Академик Дмитрий Лихачёв в статье о русском пейзаже писал об эстетике параллельных линий, созданной самой природой и человеком в унисон с ней, точно голоса в многоголосых песнопениях. «Пахарь укладывал борозду к борозде; так кладётся в избе бревно к бревну, жердь к жерди, а сами они выстраиваются в ритмичный ряд над рекой или вдоль дороги». Лихачёв говорил о ритмах раздольной воли, звучащих в протяжной песне, которая особенно хорошо поётся в «полюшке-поле». В этом отражается размах народного характера, как и быстрая езда, и удаль молодецкая («удаль» — «даль»). Это стремление к воле, народное восприятие необъятности природы присуще пейзажам Панченко.
Над землёй господствуют небеса. Небо управляет полосами света и тени на полях, и они послушно ложатся контрастными платками-плоскостями, соблюдая эстетику параллельных линий. Дороги, земные и небесные, идут параллельно, равняясь на горизонт. Для отображения этих эффектов недостаточно просто ясной лазури или пасмурной суровости серого. Его небеса как следует взболтаны, перемешаны и выплеснуты на холст, казалось бы, случайной серебристой взвесью. Небеса — это «лёгкие» его картин, они сообщают им движение, вдохи и выдохи.
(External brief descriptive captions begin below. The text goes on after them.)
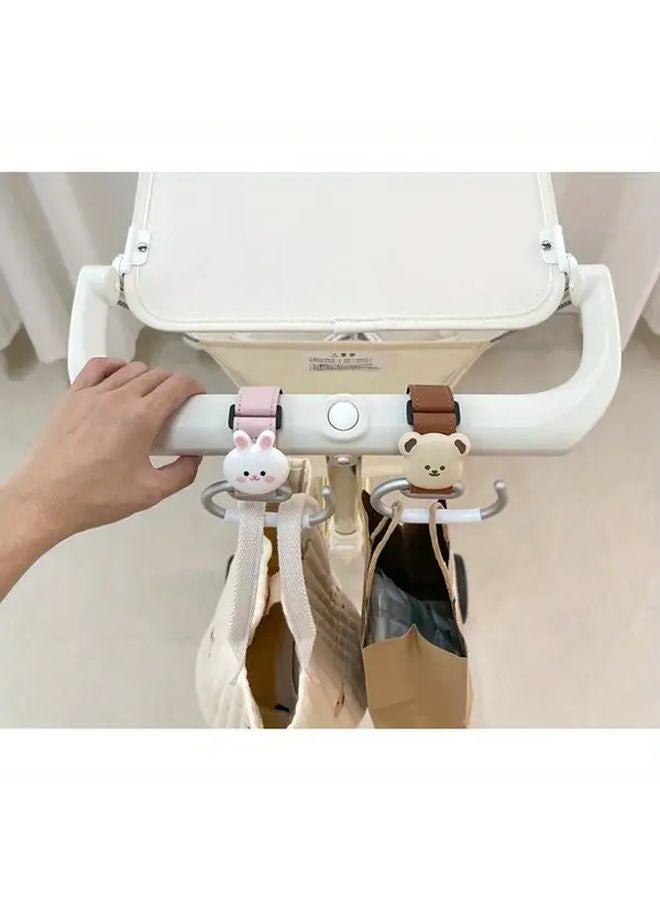عربة أطفال بنية الخطاف E متين جلد صناعي خطاف كبير آمن سهل الاستخدام مرفق - Image 2
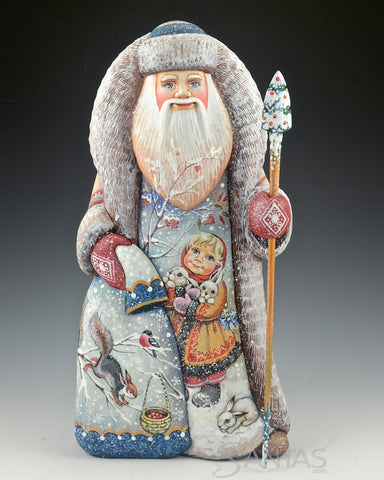 12 inch Russian Santa with Girl and Rabbits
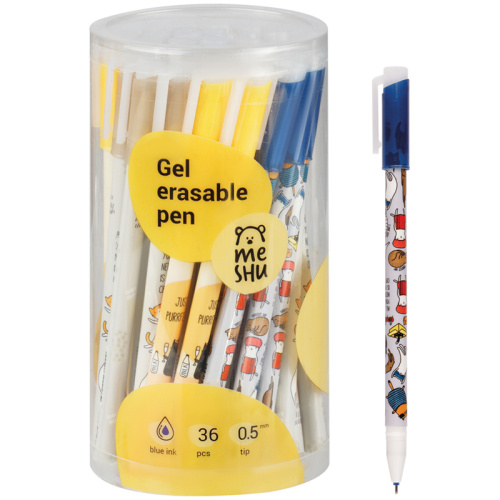 Ручка гелевая стираемая MESHU "Meow" 0,5 мм, синяя, корпус ассорти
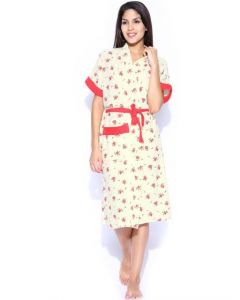 Red Rose Off-White Printed Bath Robe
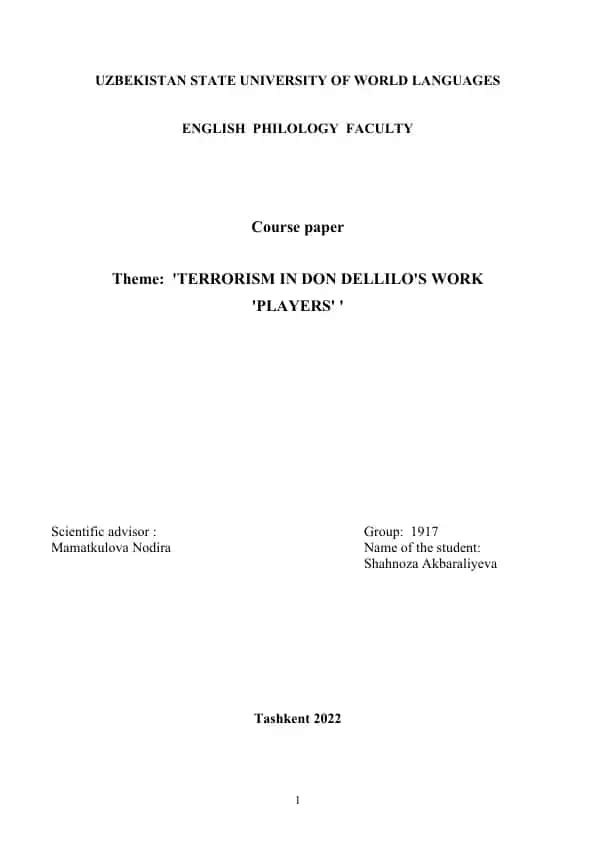 TERRORISM IN DON DELLILO'S WORK 'PLAYERS'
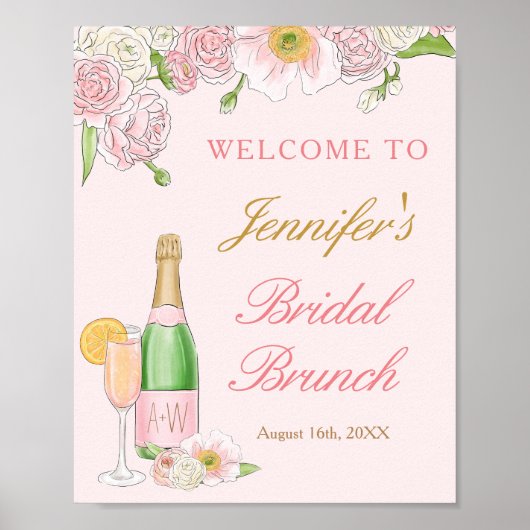 Poster Accueil de Brunch Floral et Bubbly pour la Mariée  (Devant)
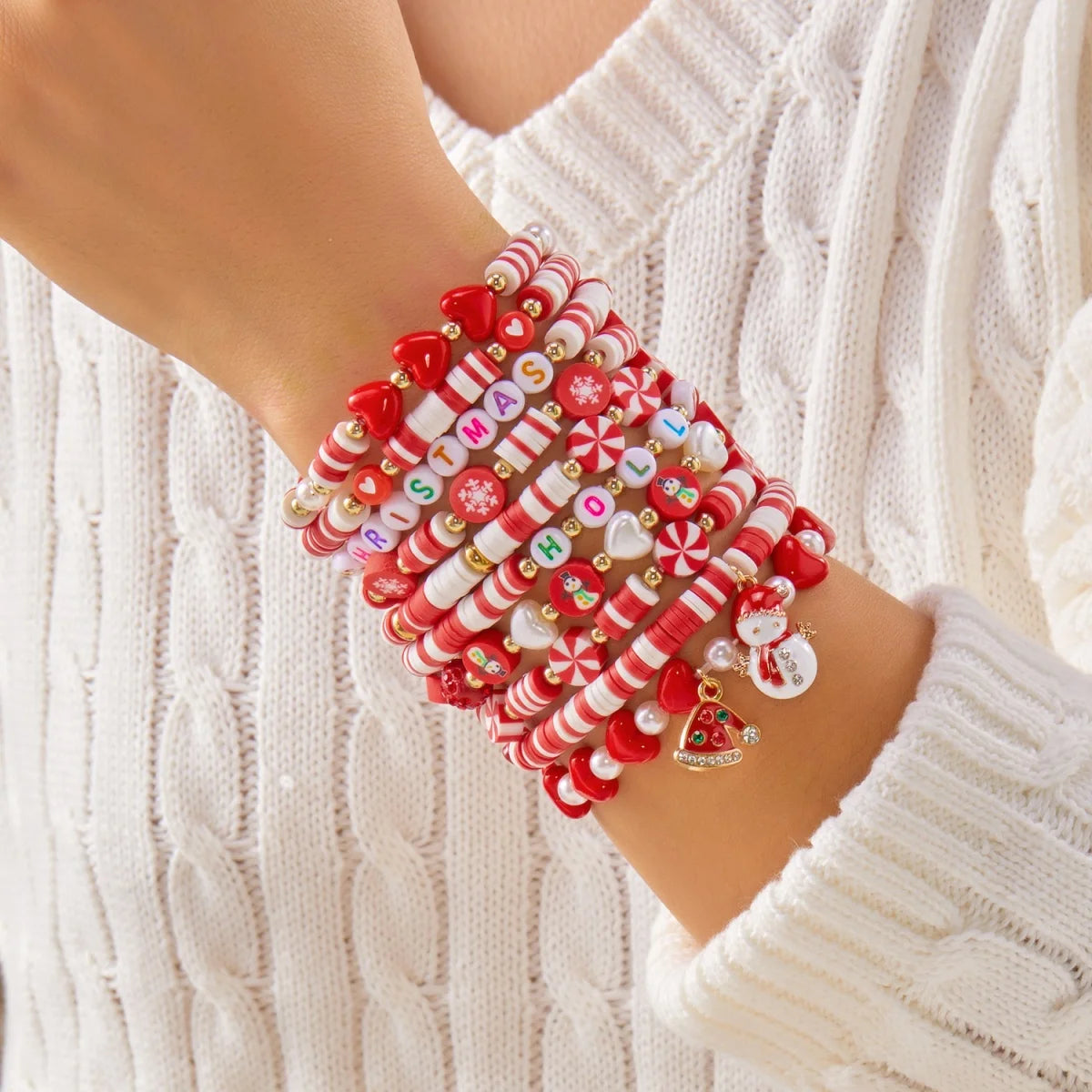 10Pcs/Set Multilayer Christmas Bracelet Snowman Tree Gift Box Snowflake Santa Claus Soft Clay Beads Bangle For Women Men Jewelry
На его театре почти всегда немного ветрено. Но это добрый, тёплый ветер, несущий запахи земли, милые с рождения, той земли, которую художник до сих пор не устаёт писать — весеннего чернозёма и травлёного первым морозом древесного листа, запахи колёсного дёгтя и прибитой дождём просёлочной пыли, сладкий аромат сенокосных трав и рассветной озёрной свежести. («Первый снег», «В отчем крае», «Воскресный день на Уфимке», «Радуга над хлебным полем»…).
Лики родной земли во всех проявлениях — предмет лирического вдохновения Владимира Алексеевича. Если природу Левитана называют пейзажем настроения, то природу Панченко можно назвать «пейзажем интонаций» — негромких, неброских, деликатных, порывисто взволнованных или умиротворённых. Человек только подразумевается на этих картинах, домишки, лошади, далёкие фигуры людей — для сравнения масштабов, для обозначения вечного единства природы и человека. Сам он говорит о своих «лироэпических» работах, что всё-таки они просто лирические, так как личного в них больше. Не касаясь внешней конъюнктуры, политической и социальной, он создаёт произведения полифоничной жизни души — переживаний, чувств, эмоциональных реакций, на которые глядит сквозь пейзаж. И если наше формирование происходит в раннем детстве, а образ детского мира проходит с нами через всю жизнь, то этот теплокровный простой пейзаж с озером между холмов и со старою ветлой — верное подтверждение словам Яна Амоса Каменского: «Только то в человеке прочно и надёжно, что всосалось в его природу на первой поре его жизни».